BEGIN

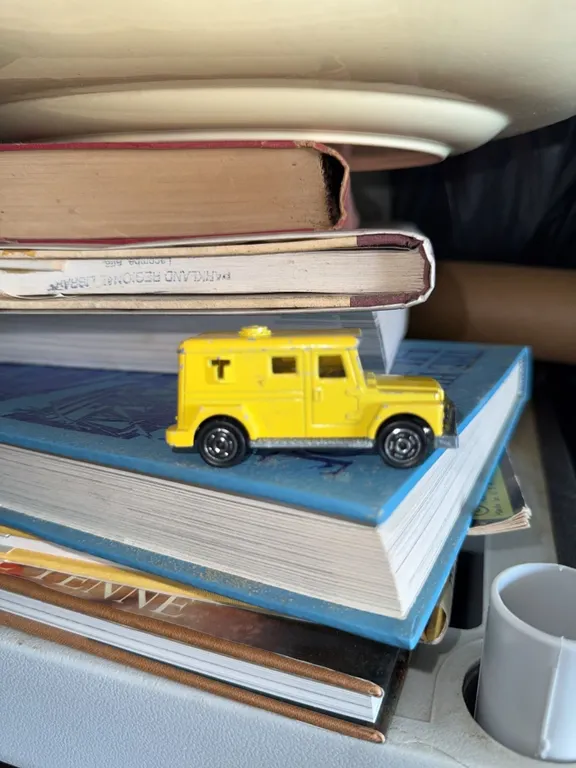 3 Die-Cast Vehicles: Yellow Armoured Car, Blue Ford Tractor, Beige Sports Car
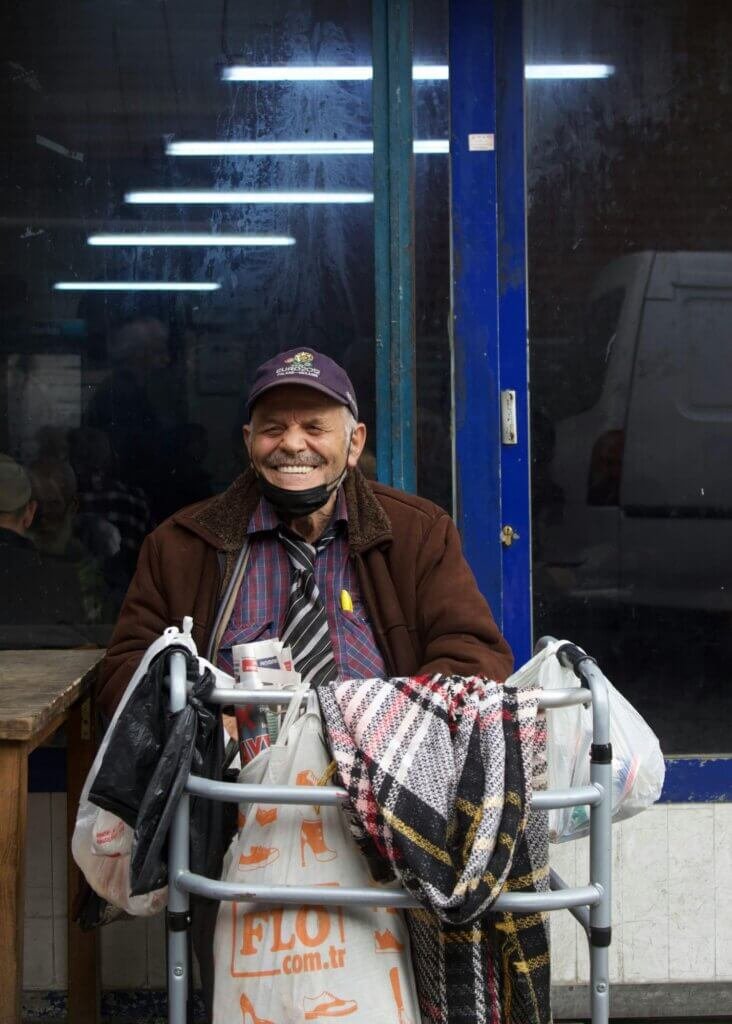 Man sitting with his walker smiling looking very happy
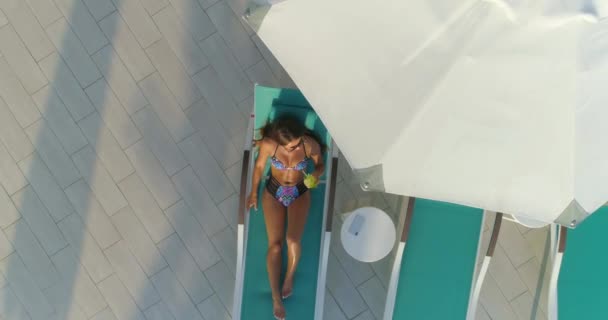 Aerial: Beautiful girl lies on a lounger by the pool and drinking a cocktail. — Stock Video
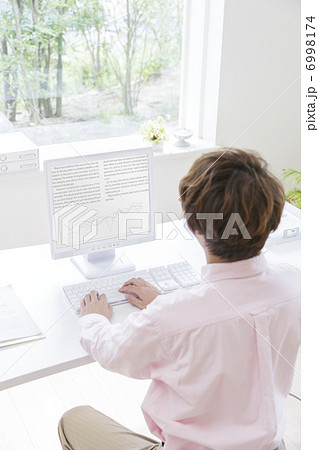 デスクワークをする男性の後ろ姿 6998174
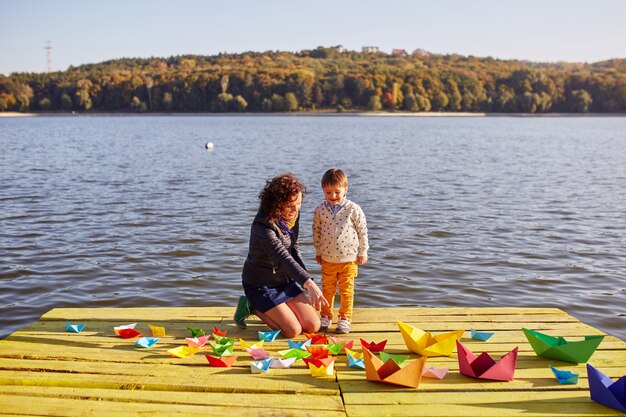 Madre e hijo jugando con barquitos de papel junto al lago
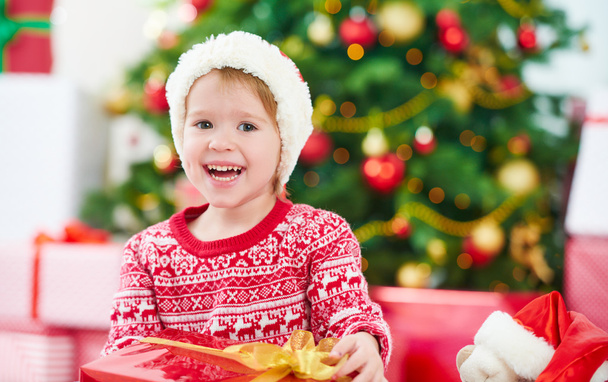glückliches Kind mit Weihnachtsgeschenken in der Nähe eines Weihnachtsbaums - Foto, Bild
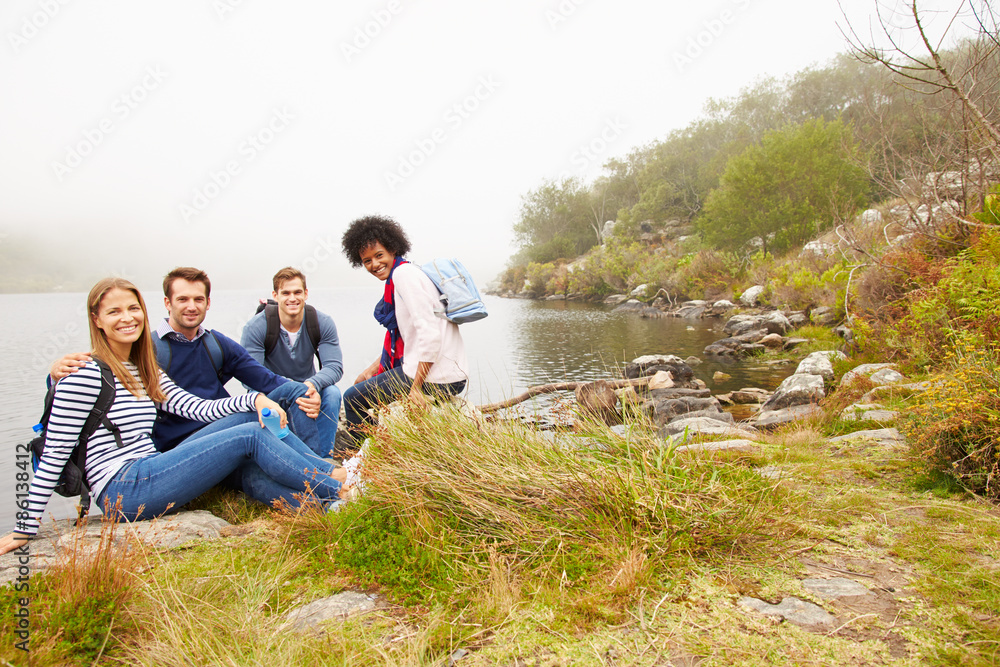 Four friends relaxing by the edge of a lake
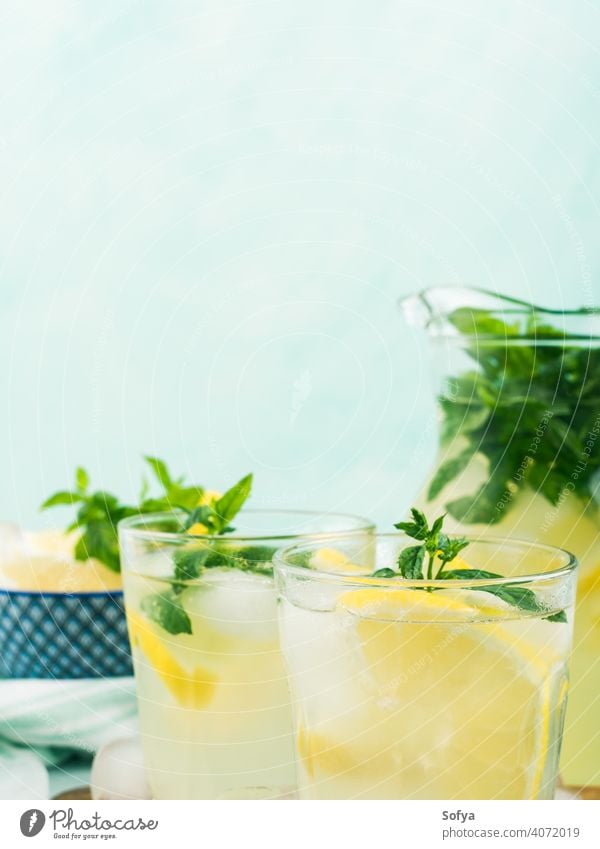 Fresh lemon lemonade in jug and glasses summer infused drink cocktail fruit leaf frozen italian spring juice citrus beverage food vintage mint gin vodka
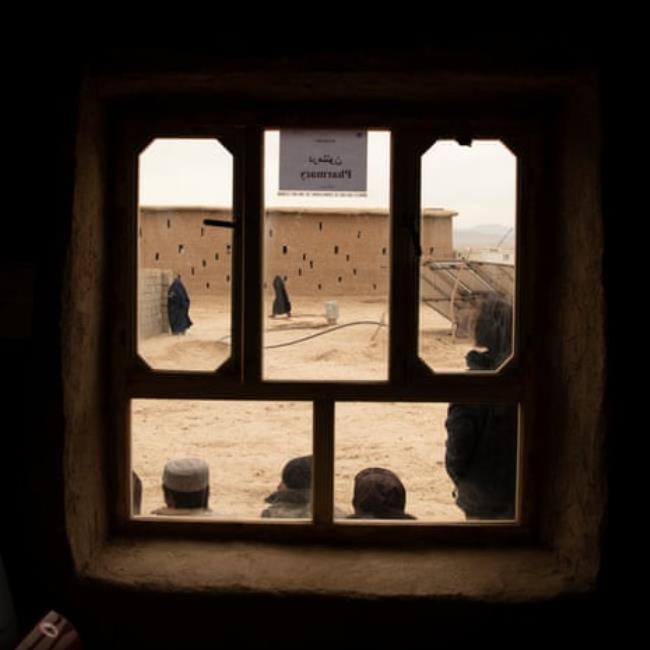 A view through a window into a dusty courtyard with men sitting at one end and two women in burqas standing at the other. A sign on the window reads ‘pharmacy’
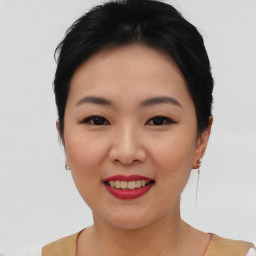 Joyful asian young-adult female with short  black hair and brown eyes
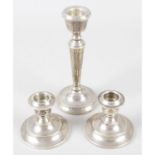 A pair of mid-20th century silver dwarf candlesticks, together with a later silver single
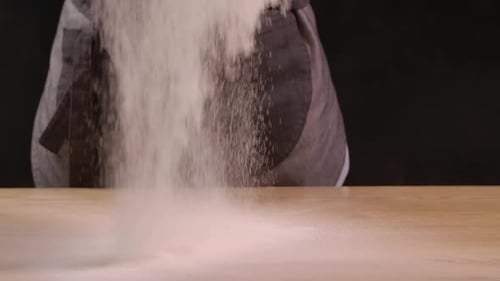 Flour Being Poured onto Wooden Surface
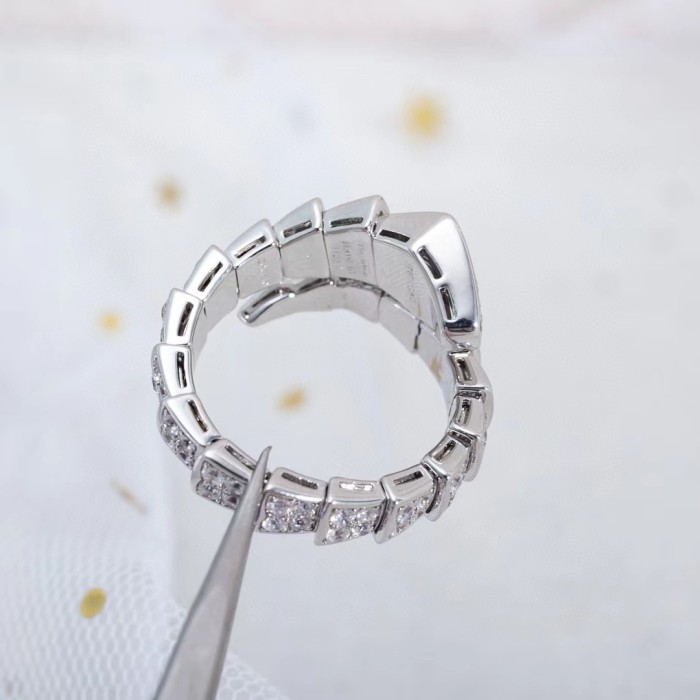 Serpentine diamond ring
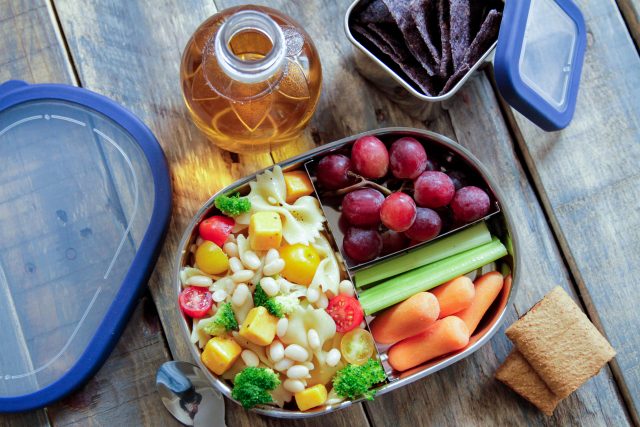 white beans and pasta with corn, broccoli and tomatoes ina lunch box with grapes and celery and carrots as a side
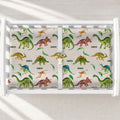 A white changing table with a personalized changing pad cover featuring a colorful pattern of cartoon dinosaurs on a warm cream background with the word 'CAIDEN' printed below each dinosaur.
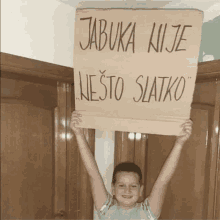 a young boy is holding up a cardboard sign that says jabuka nije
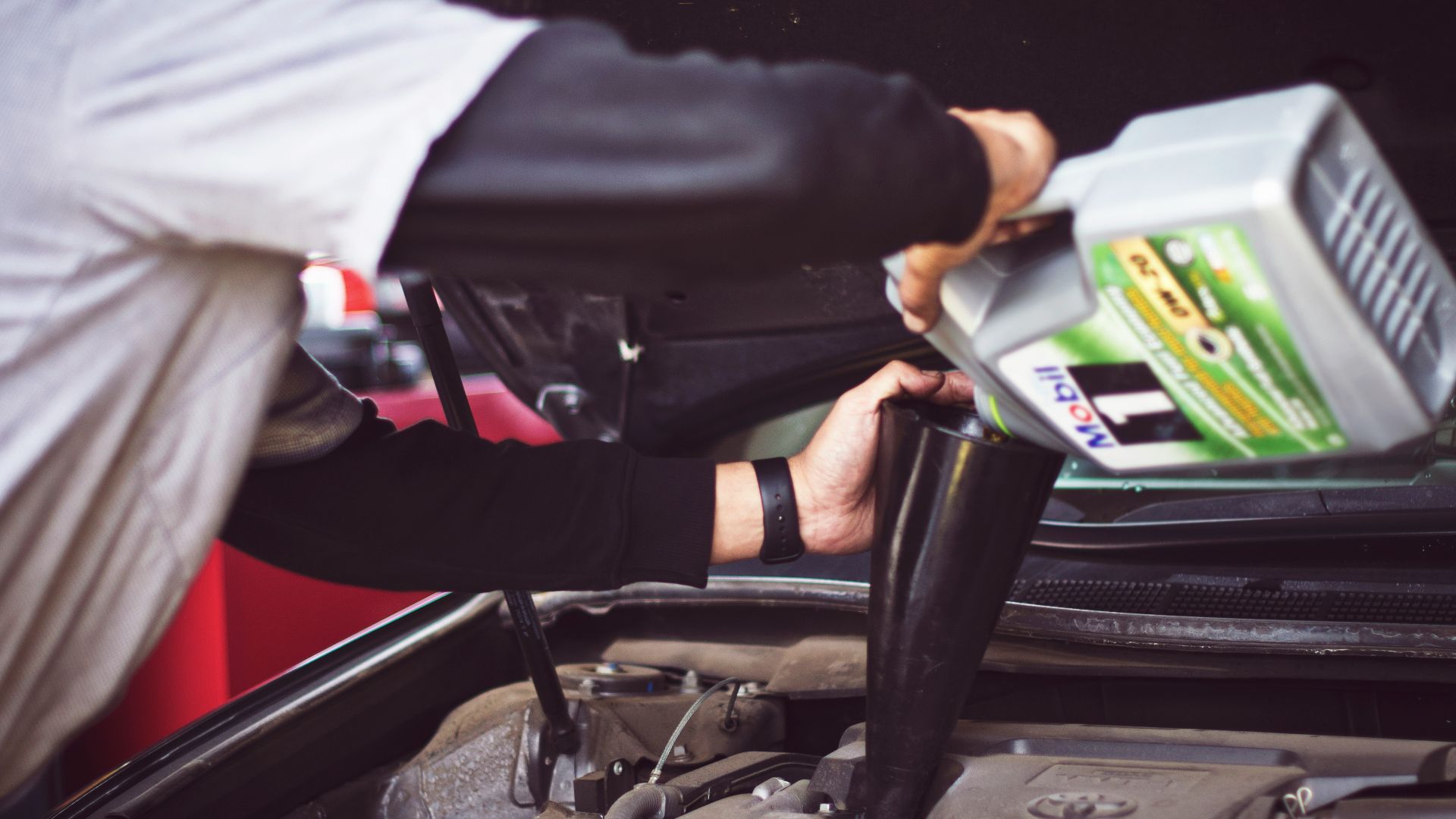 man refilling motor oil on car engine bay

END

▶ EXERCISE
Only the lines from the top of the material through the line containing "Four friends relaxing by the edge of a lake" should be written out, exactly and without pictures.

▶ OUTPUT
 3 Die-Cast Vehicles: Yellow Armoured Car, Blue Ford Tractor, Beige Sports Car
 Man sitting with his walker smiling looking very happy
 Aerial: Beautiful girl lies on a lounger by the pool and drinking a cocktail. — Stock Video
 デスクワークをする男性の後ろ姿 6998174
 Madre e hijo jugando con barquitos de papel junto al lago
glückliches Kind mit Weihnachtsgeschenken in der Nähe eines Weihnachtsbaums - Foto, Bild
 Four friends relaxing by the edge of a lake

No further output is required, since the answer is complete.